On Mon, Sep 28, 2020 at 9:27 AM Andrew Lutomirski <luto@mit.edu> wrote:
On Mon, Sep 28, 2020 at 4:48 AM Zbigniew Jędrzejewski-Szmek <zbyszek@in.waw.pl> wrote:
On Mon, Sep 28, 2020 at 12:44:13AM -0400, Paul Wouters wrote:
>
> >Subject: Re: Fedora 33 System-Wide Change proposal: systemd-resolved
>

> paul@thinkpad:~$ dig +dnssec vpn.nohats.ca @127.0.0.53
>
> ; <<>> DiG 9.11.22-RedHat-9.11.22-1.fc33 <<>> +dnssec vpn.nohats.ca @127.0.0.53
> ;; global options: +cmd
> ;; Got answer:
> ;; ->>HEADER<<- opcode: QUERY, status: NOERROR, id: 51669
> ;; flags: qr rd ra; QUERY: 1, ANSWER: 1, AUTHORITY: 0, ADDITIONAL: 1
>
> ;; OPT PSEUDOSECTION:
> ; EDNS: version: 0, flags: do; udp: 65494
> ; OPT=5: 05 07 08 0a 0d 0e 0f (".......")
> ; OPT=6: 01 02 04 ("...")
> ; OPT=7: 01 (".")
> ;; QUESTION SECTION:
> ;vpn.nohats.ca.                       IN      A
>
> ;; ANSWER SECTION:
> vpn.nohats.ca.                10      IN      A       193.110.157.148
>
> ;; Query time: 143 msec
> ;; SERVER: 127.0.0.53#53(127.0.0.53)
> ;; WHEN: Mon Sep 28 00:18:32 EDT 2020
> ;; MSG SIZE  rcvd: 81
>
> libreswan will see this result as an attack, and fail to resolve DNS names
> in its configuration. My postfix daemon will hold on to mail because
> it cannot get a DNSSEC proof of denial of existence of TLSA records if
> all DNSSEC records are filtered - even for domains that don't use DNSSEC
> because the denial of existence of DNSSEC for a specific domain requires
> the return of DNSSEC records that systemd now does not return.
>
> I am sorry that I did not follow the fedora list carefully enough to
> notice this feature when it was proposed.
>
> This change is harmful to network security, impacts existing installations
> depending on DNSSEC security, and leaks private queries for VPN/internal
> domains to the open internet, and prefers faster non-dnssec answers
> over dnssec validated answers.  It fails various types of queries,
> misimplements part of the DNS protocol. Not only according to me, but
> to 20years+ developers of the bind software as well.
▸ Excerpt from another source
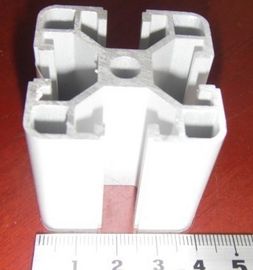 Wyraźny / Czarny anodyzowany przemysłowy profil aluminiowy dla elektroniki 6063-T5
You're mixing a few different things here. We decided to not enable
DNSSEC in resolved with this change, at least initially. For most
users, DNSSEC is problematic because various intermediary DNS servers
found in hotspots and routers don't support DNSSEC properly, leading
to hard-to-debug validation failures. DNSSEC support in resolved can
be enabled through resolved.conf. This may be a reasonable thing to do in
an environment where the configured dns servers are known to support dnssec
properly.

Paul may well have been mixing different things here, but I don't think you answered the one that seems like the most severe problem: systemd-resolved removed perfectly valid DNSSEC records that were supplied by the upstream server.  One might reasonably debate whether Fedora's default DNS resolver configuration should validate DNSSEC, but I think it should honor the DO bit in client requests and return DNSSEC data.

Could the F33 default be changed to at least forward DNSSEC data to clients that ask for it?

(My personal view is that either this should happen or that systemd-resolved-as-default should be reverted for F33, but I'm not on FESCo.)

I should add:

After reading https://github.com/systemd/systemd/issues/8967, I really don't think that systemd-resolved's benefits outweigh its harms as a default resolver for Fedora.  If someone wants to write a libfriendlydnsresolver and encourage/patch programs to use it instead of using glibc's resolver or reading resolv.conf, then that could be debated on its merits.  But the actual contents of /etc/resolv.conf should follow the relevant standards, and systemd-resolved does not.

Perhaps systemd-resolved could change its mind and decide to comply with all relevant standards.  But until then, it seems inappropriate to me for it to be the default in Fedora.